* WHAT IS BEING ASKED *
Return the data below exactly, but only from the line containing "cat in a big" through the line containing "Saral Home Microfiber", with both of those lines included.

* Items from a dataset *
----
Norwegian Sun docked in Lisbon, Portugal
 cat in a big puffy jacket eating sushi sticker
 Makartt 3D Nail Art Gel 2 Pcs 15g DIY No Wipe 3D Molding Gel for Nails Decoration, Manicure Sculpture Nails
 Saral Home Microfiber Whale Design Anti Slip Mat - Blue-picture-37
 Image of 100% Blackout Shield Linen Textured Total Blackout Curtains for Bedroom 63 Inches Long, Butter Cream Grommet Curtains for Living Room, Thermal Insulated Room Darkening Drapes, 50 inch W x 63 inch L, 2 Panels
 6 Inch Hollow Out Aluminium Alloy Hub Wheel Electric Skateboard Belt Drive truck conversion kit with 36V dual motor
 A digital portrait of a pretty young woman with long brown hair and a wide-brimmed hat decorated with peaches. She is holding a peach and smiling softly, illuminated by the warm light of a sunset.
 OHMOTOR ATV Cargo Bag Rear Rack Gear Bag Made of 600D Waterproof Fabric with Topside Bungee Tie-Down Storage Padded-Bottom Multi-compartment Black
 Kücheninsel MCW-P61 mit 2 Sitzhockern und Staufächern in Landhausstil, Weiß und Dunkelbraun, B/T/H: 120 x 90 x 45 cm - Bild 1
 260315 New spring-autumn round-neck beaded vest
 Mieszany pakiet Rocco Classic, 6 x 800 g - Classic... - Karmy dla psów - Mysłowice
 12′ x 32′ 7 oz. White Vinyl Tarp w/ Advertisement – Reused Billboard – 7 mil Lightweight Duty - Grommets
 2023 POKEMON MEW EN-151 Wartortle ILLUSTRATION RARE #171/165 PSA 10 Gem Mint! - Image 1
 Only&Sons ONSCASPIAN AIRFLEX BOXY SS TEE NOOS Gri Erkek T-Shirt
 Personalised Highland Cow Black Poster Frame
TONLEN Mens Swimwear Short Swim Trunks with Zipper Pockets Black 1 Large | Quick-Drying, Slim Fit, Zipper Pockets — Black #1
----
* RESULT OF THIS TASK *
 cat in a big puffy jacket eating sushi sticker
 Makartt 3D Nail Art Gel 2 Pcs 15g DIY No Wipe 3D Molding Gel for Nails Decoration, Manicure Sculpture Nails
 Saral Home Microfiber Whale Design Anti Slip Mat - Blue-picture-37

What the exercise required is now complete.